- [Exercise goal]:
A line below contains "Орнамент с оленем", and a later one contains "Mojave Green Turquoise". Repeat both, with every line between them, exactly.

--

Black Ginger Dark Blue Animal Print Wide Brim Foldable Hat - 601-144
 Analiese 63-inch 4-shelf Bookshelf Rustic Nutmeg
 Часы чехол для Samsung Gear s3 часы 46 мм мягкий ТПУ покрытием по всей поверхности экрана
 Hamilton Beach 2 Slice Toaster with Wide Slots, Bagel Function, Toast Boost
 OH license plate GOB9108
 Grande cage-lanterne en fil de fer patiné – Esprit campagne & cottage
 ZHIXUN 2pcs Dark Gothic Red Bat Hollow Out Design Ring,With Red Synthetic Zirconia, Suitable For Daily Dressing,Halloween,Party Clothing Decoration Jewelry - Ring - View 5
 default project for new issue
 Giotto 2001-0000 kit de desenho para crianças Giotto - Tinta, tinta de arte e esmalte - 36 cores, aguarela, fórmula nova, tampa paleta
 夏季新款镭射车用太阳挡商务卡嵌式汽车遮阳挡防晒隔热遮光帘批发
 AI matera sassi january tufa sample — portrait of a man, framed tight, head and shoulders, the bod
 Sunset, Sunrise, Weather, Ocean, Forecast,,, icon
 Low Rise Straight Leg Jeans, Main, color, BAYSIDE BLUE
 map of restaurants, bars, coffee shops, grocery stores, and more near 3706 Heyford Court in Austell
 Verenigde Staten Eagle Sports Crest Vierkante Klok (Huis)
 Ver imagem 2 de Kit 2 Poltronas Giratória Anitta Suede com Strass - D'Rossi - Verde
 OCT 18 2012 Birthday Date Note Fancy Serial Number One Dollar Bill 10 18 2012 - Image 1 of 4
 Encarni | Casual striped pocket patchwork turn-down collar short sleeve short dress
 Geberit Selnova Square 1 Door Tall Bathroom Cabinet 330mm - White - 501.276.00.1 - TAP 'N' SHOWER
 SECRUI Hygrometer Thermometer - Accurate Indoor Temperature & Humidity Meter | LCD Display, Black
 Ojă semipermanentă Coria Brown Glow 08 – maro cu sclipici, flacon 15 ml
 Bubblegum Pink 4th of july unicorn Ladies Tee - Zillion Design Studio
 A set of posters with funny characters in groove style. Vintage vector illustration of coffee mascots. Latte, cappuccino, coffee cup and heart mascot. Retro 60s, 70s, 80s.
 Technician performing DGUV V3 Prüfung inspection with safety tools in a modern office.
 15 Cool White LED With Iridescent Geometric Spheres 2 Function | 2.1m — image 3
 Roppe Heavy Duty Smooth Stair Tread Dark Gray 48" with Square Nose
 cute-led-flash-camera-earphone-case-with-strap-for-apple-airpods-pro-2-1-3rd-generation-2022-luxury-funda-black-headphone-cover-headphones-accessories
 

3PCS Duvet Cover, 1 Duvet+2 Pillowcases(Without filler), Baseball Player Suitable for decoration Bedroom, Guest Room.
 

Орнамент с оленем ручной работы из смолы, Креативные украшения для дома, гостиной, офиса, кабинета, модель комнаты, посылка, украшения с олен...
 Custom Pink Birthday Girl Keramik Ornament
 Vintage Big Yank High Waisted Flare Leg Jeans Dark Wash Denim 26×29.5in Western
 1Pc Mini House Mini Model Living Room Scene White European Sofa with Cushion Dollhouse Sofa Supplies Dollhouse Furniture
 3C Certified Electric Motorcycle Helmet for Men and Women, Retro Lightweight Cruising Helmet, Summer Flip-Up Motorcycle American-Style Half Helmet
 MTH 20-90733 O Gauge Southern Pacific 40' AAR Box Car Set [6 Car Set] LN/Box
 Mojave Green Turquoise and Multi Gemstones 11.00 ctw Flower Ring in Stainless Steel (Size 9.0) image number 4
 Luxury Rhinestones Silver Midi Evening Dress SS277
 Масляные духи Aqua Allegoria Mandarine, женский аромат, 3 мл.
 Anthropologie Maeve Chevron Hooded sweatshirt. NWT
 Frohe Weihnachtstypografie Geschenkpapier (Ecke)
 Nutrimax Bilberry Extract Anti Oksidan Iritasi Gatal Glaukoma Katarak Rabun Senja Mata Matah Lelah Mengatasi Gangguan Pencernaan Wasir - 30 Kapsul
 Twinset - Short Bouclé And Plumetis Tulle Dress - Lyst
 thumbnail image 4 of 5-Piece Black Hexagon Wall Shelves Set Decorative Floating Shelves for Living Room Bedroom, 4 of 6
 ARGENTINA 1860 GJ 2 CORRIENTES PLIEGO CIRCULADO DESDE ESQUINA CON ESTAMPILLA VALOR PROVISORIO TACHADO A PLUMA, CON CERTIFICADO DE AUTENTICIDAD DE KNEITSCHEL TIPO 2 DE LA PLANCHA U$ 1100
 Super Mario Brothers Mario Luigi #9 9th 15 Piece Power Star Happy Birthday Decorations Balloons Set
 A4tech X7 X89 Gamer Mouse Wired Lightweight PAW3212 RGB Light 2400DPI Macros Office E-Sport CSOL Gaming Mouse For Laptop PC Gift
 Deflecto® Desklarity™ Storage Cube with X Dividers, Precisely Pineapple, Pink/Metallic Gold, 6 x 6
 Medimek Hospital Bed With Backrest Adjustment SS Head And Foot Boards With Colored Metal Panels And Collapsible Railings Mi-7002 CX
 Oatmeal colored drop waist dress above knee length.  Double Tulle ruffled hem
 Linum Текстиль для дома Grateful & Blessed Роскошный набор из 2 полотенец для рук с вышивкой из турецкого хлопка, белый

--

- [Answer to this exercise]:
Орнамент с оленем ручной работы из смолы, Креативные украшения для дома, гостиной, офиса, кабинета, модель комнаты, посылка, украшения с олен...
 Custom Pink Birthday Girl Keramik Ornament
 Vintage Big Yank High Waisted Flare Leg Jeans Dark Wash Denim 26×29.5in Western
 1Pc Mini House Mini Model Living Room Scene White European Sofa with Cushion Dollhouse Sofa Supplies Dollhouse Furniture
 3C Certified Electric Motorcycle Helmet for Men and Women, Retro Lightweight Cruising Helmet, Summer Flip-Up Motorcycle American-Style Half Helmet
 MTH 20-90733 O Gauge Southern Pacific 40' AAR Box Car Set [6 Car Set] LN/Box
 Mojave Green Turquoise and Multi Gemstones 11.00 ctw Flower Ring in Stainless Steel (Size 9.0) image number 4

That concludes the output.